*WHAT YOU ARE ASKED TO DO*. Return the following from the records below: each line, word for word, starting with the line that contains "Lululemon crop yoga legging size 6" and going on through the line that contains "Das Taj Mahal, das Mausoleum, die Moschee.", with nothing outside that range.

*AVAILABLE DATA*.
★ ★ ★
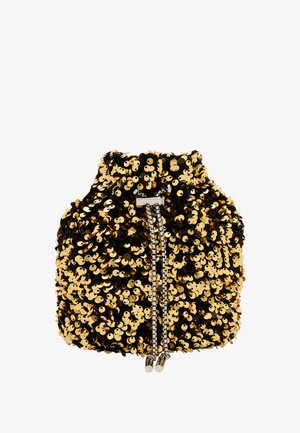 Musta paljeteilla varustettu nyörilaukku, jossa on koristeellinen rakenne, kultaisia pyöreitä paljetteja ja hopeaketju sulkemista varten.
★ ★ ★
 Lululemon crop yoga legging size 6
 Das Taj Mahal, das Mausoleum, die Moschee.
★ ★ ★
*YOUR RESPONSE*.
 Lululemon crop yoga legging size 6
 Das Taj Mahal, das Mausoleum, die Moschee.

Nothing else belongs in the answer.